Load IOT for this advanced step.

Use the same core configuration machinery and cached data path as Step 2.

step5_T <- if (interactive()) 12 else 20
step5_max_iter <- if (interactive()) 12 else 20

if (!exists("core_iot", inherits = FALSE)) {
  core_config <- make_core_config()
  core_iot <- download_or_load_iot(core_config)
}
iot <- core_iot
c(country = iot$country, year = iot$base_year, n_sectors = iot$n)
  country      year n_sectors 
     "AT"    "2020"      "64" 

Run baseline closure path.

Use baseline closure and fixed aggregate growth target. Store GDP and energy-sector paths as the comparison baseline.

base_closure <- "residual-others"
base_g_target <- 0.01
base_eps_green <- 0.04
base_eps_brown <- -0.04
step5_baseline <- simulate_iot_exogenous_transition(
  iot,
  T = step5_T,
  closure_option = base_closure,
  g_target = base_g_target,
  eps_green = base_eps_green,
  eps_brown = base_eps_brown,
  max_iter = step5_max_iter
)

Core play: switch closure option.

Run identical targets under a different closure rule and compare GDP path response.

closure_options <- c("residual-others", "fixed-others", "uniform-demand", "eps-only")
closure_play <- closure_options[3]  # @exercise[id=step5_closure;kind=core;question_expr=closure_options[3];prompt="Switch closure option and inspect GDP and green/brown paths";hint="Compare fixed-others vs uniform-demand"]

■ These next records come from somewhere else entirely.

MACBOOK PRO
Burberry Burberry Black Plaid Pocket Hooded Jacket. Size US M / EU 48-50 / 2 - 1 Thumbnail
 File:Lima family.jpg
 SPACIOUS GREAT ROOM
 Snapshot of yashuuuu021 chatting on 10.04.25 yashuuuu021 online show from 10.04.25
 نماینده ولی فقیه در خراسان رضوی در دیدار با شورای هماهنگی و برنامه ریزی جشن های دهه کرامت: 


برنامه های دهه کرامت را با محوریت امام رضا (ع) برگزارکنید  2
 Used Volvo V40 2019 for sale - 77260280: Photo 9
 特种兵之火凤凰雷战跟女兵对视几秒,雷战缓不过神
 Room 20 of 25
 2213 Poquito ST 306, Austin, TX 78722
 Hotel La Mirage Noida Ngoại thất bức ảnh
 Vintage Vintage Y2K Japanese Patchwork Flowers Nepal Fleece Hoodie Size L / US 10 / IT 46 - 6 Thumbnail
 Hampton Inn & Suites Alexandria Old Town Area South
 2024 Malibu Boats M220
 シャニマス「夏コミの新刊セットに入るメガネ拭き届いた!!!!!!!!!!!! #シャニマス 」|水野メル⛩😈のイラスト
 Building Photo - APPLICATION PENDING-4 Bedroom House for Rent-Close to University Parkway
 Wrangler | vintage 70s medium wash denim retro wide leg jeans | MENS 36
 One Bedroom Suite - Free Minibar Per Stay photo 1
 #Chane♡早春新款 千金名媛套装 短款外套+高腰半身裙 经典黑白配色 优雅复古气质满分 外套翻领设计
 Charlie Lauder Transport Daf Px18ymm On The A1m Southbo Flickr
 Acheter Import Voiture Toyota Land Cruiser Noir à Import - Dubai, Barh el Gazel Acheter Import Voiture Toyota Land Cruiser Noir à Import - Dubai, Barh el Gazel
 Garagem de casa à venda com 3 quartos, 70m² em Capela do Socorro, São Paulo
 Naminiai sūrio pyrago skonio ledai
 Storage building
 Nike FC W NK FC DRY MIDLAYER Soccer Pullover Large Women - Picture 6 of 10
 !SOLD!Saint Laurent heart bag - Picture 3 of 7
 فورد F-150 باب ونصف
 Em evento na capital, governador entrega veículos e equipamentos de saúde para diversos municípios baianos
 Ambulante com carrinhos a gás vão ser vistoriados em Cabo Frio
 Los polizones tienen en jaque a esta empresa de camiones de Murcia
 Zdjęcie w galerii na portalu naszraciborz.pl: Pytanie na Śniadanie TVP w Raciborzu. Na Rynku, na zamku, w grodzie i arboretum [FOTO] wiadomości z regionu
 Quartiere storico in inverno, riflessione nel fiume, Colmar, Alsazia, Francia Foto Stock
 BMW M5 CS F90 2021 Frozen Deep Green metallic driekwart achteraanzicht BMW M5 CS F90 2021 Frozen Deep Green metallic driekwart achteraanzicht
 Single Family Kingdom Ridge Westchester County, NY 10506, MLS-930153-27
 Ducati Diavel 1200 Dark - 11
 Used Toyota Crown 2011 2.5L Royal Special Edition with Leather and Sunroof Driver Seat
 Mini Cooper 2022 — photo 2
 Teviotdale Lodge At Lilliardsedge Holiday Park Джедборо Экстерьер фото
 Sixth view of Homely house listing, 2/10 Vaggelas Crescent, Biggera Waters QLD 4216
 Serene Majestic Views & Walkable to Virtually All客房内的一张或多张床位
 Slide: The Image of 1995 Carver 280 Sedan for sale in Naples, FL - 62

step5_closure_play <- simulate_iot_exogenous_transition(
  iot,
  T = step5_T,
  closure_option = closure_play,
  g_target = base_g_target,
  eps_green = base_eps_green,
  eps_brown = base_eps_brown,
  max_iter = step5_max_iter
)

Plot closure comparison.

Overlay GDP paths to isolate closure sensitivity.

par(mfrow = c(1, 2), mar = c(4, 4, 3, 1), cex.main = 0.9)
y_gdp <- range(c(step5_baseline$GDP, step5_closure_play$GDP), na.rm = TRUE)
ratio_base <- step5_baseline$X_brown / pmax(step5_baseline$X_green, 1e-9)
ratio_play <- step5_closure_play$X_brown / pmax(step5_closure_play$X_green, 1e-9)
y_ratio <- range(c(ratio_base, ratio_play), na.rm = TRUE)
if (!all(is.finite(y_gdp))) stop("Non-finite GDP values in Step 5 core plot.", call. = FALSE)
if (!all(is.finite(y_ratio))) stop("Non-finite brown/green ratio in Step 5 core plot.", call. = FALSE)
if (y_gdp[1] == y_gdp[2]) y_gdp <- y_gdp + c(-1, 1) * max(1, 0.05 * abs(y_gdp[1]))
if (y_ratio[1] == y_ratio[2]) y_ratio <- y_ratio + c(-1, 1) * max(1, 0.05 * abs(y_ratio[1]))
plot(step5_baseline$year, step5_baseline$GDP, type = "l", lwd = 2, col = "steelblue",
     xlab = "year", ylab = "GDP (million EUR)", ylim = y_gdp, main = "Step 5 Core: GDP by closure")
lines(step5_closure_play$year, step5_closure_play$GDP, lwd = 2, col = "firebrick")
legend("topleft", legend = c(paste0("base (", base_closure, ")"), paste0("play (", closure_play, ")")),
       col = c("steelblue", "firebrick"), lty = 1, bty = "n", cex = 0.8)
plot(step5_baseline$year, ratio_base,
     type = "l", lwd = 2, col = "steelblue", ylim = y_ratio,
     xlab = "year", ylab = "X_brown / X_green", main = paste0("Step 5 Core: mix (base ", base_closure, ")"))
lines(step5_closure_play$year, ratio_play, lwd = 2, col = "firebrick")

par(mfrow = c(1, 1))

Optional play: strengthen exogenous transition rates.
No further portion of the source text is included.